Top of Records to process

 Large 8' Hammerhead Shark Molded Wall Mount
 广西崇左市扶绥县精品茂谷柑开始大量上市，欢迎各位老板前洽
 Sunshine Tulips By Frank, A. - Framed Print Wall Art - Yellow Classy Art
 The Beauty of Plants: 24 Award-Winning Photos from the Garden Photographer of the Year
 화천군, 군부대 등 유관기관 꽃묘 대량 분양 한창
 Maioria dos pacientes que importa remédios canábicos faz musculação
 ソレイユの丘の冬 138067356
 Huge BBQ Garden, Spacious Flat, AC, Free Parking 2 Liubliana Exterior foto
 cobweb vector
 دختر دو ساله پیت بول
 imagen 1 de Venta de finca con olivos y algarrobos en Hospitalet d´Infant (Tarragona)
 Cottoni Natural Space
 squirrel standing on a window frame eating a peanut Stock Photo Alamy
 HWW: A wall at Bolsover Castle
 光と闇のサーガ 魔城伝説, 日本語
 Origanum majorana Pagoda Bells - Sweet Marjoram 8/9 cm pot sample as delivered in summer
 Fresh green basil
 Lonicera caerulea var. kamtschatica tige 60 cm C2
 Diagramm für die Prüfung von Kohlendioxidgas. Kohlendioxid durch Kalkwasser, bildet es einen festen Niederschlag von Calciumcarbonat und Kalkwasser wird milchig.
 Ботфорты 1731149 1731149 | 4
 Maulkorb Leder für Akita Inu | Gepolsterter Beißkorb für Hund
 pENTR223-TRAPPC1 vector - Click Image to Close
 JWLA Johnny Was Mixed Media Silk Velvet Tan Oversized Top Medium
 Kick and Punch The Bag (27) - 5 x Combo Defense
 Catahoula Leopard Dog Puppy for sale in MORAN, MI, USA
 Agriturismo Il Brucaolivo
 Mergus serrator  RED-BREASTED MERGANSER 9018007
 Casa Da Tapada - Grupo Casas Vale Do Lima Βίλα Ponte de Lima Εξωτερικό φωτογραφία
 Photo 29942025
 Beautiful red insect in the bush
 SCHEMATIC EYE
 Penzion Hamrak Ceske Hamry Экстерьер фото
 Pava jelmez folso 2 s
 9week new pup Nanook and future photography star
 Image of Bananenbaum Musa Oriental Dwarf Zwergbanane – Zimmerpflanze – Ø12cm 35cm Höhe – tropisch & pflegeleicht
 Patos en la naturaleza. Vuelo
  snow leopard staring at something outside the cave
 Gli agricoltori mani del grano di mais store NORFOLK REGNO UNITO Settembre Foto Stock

Bottom of Records to process

Copy exactly the line that contains "SCHEMATIC EYE" and every line after it through the end of the entries, with nothing added.

 SCHEMATIC EYE
 Penzion Hamrak Ceske Hamry Экстерьер фото
 Pava jelmez folso 2 s
 9week new pup Nanook and future photography star
 Image of Bananenbaum Musa Oriental Dwarf Zwergbanane – Zimmerpflanze – Ø12cm 35cm Höhe – tropisch & pflegeleicht
 Patos en la naturaleza. Vuelo
  snow leopard staring at something outside the cave
 Gli agricoltori mani del grano di mais store NORFOLK REGNO UNITO Settembre Foto Stock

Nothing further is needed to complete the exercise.